Repeat the lines from the line with "AddText 02 11 10.42.01" to the line with "Used Volkswagen Caravelle" in the listing below, keeping both end lines and adding nothing.

GIVEN RECORDS -
....

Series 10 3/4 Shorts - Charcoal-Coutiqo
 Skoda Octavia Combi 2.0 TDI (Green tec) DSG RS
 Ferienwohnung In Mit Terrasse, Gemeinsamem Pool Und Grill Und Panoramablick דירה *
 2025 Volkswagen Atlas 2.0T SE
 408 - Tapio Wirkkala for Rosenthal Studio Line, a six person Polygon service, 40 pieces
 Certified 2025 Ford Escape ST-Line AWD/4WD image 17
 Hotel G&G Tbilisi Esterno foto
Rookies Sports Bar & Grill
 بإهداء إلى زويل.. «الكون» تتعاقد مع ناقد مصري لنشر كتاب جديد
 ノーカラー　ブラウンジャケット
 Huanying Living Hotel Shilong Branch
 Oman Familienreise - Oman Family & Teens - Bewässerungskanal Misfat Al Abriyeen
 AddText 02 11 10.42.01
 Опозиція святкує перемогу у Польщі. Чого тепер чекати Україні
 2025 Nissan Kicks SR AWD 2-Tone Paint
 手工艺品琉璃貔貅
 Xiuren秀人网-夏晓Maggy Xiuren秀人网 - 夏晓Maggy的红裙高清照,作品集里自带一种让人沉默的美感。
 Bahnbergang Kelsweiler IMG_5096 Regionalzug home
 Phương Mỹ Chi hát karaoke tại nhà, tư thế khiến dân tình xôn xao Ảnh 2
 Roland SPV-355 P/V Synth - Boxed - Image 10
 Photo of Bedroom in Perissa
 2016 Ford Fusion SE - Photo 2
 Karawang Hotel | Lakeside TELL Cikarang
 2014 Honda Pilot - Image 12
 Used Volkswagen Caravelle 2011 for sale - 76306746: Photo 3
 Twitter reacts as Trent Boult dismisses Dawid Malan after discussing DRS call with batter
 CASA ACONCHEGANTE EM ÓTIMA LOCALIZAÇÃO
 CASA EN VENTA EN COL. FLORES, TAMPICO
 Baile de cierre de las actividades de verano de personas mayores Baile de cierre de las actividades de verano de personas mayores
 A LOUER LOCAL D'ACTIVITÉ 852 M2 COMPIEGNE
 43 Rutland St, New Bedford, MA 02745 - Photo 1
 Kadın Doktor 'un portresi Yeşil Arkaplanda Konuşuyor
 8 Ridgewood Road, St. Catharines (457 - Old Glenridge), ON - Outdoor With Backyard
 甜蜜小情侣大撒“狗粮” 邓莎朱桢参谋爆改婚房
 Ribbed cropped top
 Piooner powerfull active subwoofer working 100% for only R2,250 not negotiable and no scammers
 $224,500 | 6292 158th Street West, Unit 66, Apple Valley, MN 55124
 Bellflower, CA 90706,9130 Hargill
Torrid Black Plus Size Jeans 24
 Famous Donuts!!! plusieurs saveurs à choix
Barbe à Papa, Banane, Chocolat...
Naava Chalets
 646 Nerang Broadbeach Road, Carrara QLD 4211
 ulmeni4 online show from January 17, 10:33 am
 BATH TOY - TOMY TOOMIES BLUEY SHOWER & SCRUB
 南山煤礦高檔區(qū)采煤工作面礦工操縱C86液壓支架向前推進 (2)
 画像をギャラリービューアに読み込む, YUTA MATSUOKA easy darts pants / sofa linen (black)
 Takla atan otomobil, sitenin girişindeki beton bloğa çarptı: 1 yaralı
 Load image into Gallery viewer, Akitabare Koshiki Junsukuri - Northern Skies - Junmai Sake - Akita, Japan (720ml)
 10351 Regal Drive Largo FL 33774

....

TASK SOLUTION -
 AddText 02 11 10.42.01
 Опозиція святкує перемогу у Польщі. Чого тепер чекати Україні
 2025 Nissan Kicks SR AWD 2-Tone Paint
 手工艺品琉璃貔貅
 Xiuren秀人网-夏晓Maggy Xiuren秀人网 - 夏晓Maggy的红裙高清照,作品集里自带一种让人沉默的美感。
 Bahnbergang Kelsweiler IMG_5096 Regionalzug home
 Phương Mỹ Chi hát karaoke tại nhà, tư thế khiến dân tình xôn xao Ảnh 2
 Roland SPV-355 P/V Synth - Boxed - Image 10
 Photo of Bedroom in Perissa
 2016 Ford Fusion SE - Photo 2
 Karawang Hotel | Lakeside TELL Cikarang
 2014 Honda Pilot - Image 12
 Used Volkswagen Caravelle 2011 for sale - 76306746: Photo 3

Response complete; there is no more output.